---- Extracted information

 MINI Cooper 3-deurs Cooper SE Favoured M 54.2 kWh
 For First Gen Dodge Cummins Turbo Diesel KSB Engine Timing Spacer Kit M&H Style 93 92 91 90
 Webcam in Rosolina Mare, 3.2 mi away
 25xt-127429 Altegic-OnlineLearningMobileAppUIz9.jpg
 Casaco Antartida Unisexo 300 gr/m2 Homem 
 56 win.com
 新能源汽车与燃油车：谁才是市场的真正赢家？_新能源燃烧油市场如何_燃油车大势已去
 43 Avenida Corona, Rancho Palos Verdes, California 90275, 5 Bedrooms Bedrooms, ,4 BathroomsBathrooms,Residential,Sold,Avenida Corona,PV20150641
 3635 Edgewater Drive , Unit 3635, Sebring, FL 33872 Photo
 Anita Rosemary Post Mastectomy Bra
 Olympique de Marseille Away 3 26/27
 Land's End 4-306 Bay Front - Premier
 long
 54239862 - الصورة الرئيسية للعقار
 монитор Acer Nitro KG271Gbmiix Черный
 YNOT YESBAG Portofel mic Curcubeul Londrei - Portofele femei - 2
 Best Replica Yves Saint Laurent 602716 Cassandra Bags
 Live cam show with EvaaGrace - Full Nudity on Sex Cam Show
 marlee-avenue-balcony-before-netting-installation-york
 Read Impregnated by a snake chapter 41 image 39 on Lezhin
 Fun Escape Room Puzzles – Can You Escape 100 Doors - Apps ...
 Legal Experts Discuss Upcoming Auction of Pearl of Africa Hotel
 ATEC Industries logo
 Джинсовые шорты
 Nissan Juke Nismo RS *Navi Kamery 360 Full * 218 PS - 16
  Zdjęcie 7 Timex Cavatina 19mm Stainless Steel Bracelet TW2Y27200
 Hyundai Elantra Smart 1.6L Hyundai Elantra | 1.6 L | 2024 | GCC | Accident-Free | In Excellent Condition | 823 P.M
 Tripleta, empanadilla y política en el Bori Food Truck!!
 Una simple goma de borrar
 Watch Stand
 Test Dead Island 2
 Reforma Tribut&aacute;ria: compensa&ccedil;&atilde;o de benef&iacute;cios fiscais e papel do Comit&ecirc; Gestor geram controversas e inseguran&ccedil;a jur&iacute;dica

--------

§ Activity
Repeat the records, every one of them, without any deviation.

§ Answer box
 MINI Cooper 3-deurs Cooper SE Favoured M 54.2 kWh
 For First Gen Dodge Cummins Turbo Diesel KSB Engine Timing Spacer Kit M&H Style 93 92 91 90
 Webcam in Rosolina Mare, 3.2 mi away
 25xt-127429 Altegic-OnlineLearningMobileAppUIz9.jpg
 Casaco Antartida Unisexo 300 gr/m2 Homem 
 56 win.com
 新能源汽车与燃油车：谁才是市场的真正赢家？_新能源燃烧油市场如何_燃油车大势已去
 43 Avenida Corona, Rancho Palos Verdes, California 90275, 5 Bedrooms Bedrooms, ,4 BathroomsBathrooms,Residential,Sold,Avenida Corona,PV20150641
 3635 Edgewater Drive , Unit 3635, Sebring, FL 33872 Photo
 Anita Rosemary Post Mastectomy Bra
 Olympique de Marseille Away 3 26/27
 Land's End 4-306 Bay Front - Premier
 long
 54239862 - الصورة الرئيسية للعقار
 монитор Acer Nitro KG271Gbmiix Черный
 YNOT YESBAG Portofel mic Curcubeul Londrei - Portofele femei - 2
 Best Replica Yves Saint Laurent 602716 Cassandra Bags
 Live cam show with EvaaGrace - Full Nudity on Sex Cam Show
 marlee-avenue-balcony-before-netting-installation-york
 Read Impregnated by a snake chapter 41 image 39 on Lezhin
 Fun Escape Room Puzzles – Can You Escape 100 Doors - Apps ...
 Legal Experts Discuss Upcoming Auction of Pearl of Africa Hotel
 ATEC Industries logo
 Джинсовые шорты
 Nissan Juke Nismo RS *Navi Kamery 360 Full * 218 PS - 16
  Zdjęcie 7 Timex Cavatina 19mm Stainless Steel Bracelet TW2Y27200
 Hyundai Elantra Smart 1.6L Hyundai Elantra | 1.6 L | 2024 | GCC | Accident-Free | In Excellent Condition | 823 P.M
 Tripleta, empanadilla y política en el Bori Food Truck!!
 Una simple goma de borrar
 Watch Stand
 Test Dead Island 2
 Reforma Tribut&aacute;ria: compensa&ccedil;&atilde;o de benef&iacute;cios fiscais e papel do Comit&ecirc; Gestor geram controversas e inseguran&ccedil;a jur&iacute;dica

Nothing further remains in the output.